When it comes to designing a good website, most companies are understandably concerned with what consumers think. After all, you have only about 10 seconds to make an impression and express to customers what they might get out of your site and your business. But recent data shows that a good portion of your website’s visitors can’t even think for themselves. That’s because they’re actually bots — and they’re bad ones, at that. With 40% of consumers claiming they would stop doing business with a company or brand if that business previously suffered a breach in security, this influx of bots can devastate small businesses.
According to Distil Research Lab’s recent Bad Bot report, approximately one-fifth of web traffic (or 20.4%) worldwide comes from malicious bots. These automated scripts or tools operate with specific tasks in mind; even Google uses bots to crawl the internet and evaluate websites. But other bots are created with malicious intent in mind, often by those who want to attack, defraud, or hack sites and consumers. This technology is used to do everything from data mining and web scraping to identify theft, spam messaging, fake account creation, DDoS attacks, and more.
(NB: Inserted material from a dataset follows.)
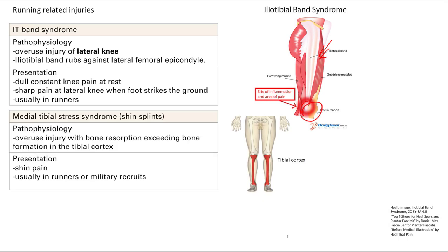Next is medial tibial stress syndrome — the fancy name for shin splints. It's an overuse injury with bone resorption exceeding bone formation in the tibial cortex. You present with shin pain, and it's commonly seen in runners or military recruits who are running a lot or carrying heavy packs of 20, 30, 50 pounds — causing a lot of stress on the shins, especially the tibia.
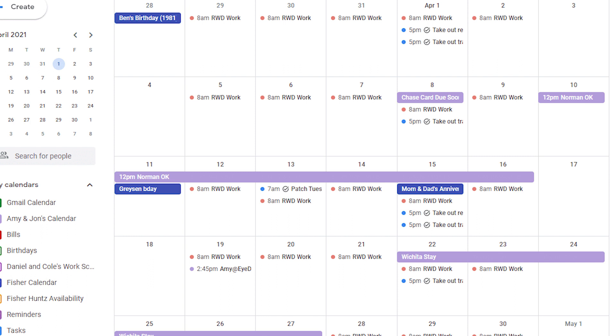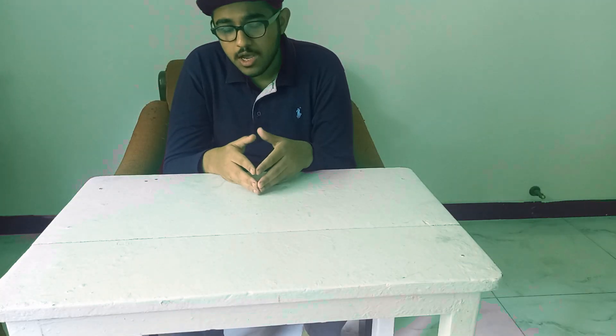Excel can be a bit more difficult for this purpose, but it can also work. So that covers the first way — creating a calendar. The second way is to write down your tasks.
These automated attacks happen on website, apps, and APIs on a regular basis, presenting problems for all kinds of businesses. According to the report, 73.6% of bad bots can be classified as “advanced persistent bots” (or APBs), which have the ability to switch user agents, enter through anonymous proxies, and cycle through IP addresses to block any identifying features; in this way, they’re extremely difficult to track and can even mimic human behaviors. These bots can mimic movements of a computer mouse and perform attacks with fewer requests (or even delay them), which makes detection even less likely.
The report notes that those in the financial, ticketing, and educational sectors were highly affected by this malicious traffic in 2018, although governmental agencies, airlines, and gaming and gambling enterprises were also impacted significantly. Interestingly, e-commerce sites were not affected at as high a percentage, though these businesses are certainly not immune. And although bad bot traffic levels have actually decreased year-over-year, the amount of sophistication seen in these bots continues to grow — so no one should discount whatever advancements may be coming in the near future.
Distil’s report states: “Bad bots continuously target all of these industries daily, with defenses requiring constant optimization. Some are hit by sophisticated bots that repeatedly perform a specific task, such as checking credit card numbers. Another may be scraped for pricing content, while a third may be victimized by bad bots checking gift card balances.”
Often, the design and maintenance of a website makes the end-user a priority, ensuring that consumers are able to easily access and navigate a given site. For instance, 72% of mobile users surveyed by Google felt mobile friendly websites were important, but businesses must realize that human users aren’t the only ones who are responsible for website traffic. And while some bots are used for good, the prevalence of bad bots should concern organizations in all industries. If action isn’t taken, your website could be completely vulnerable to a data breach or other malicious activity that can harm your reputation, your customers, and your ability to operate.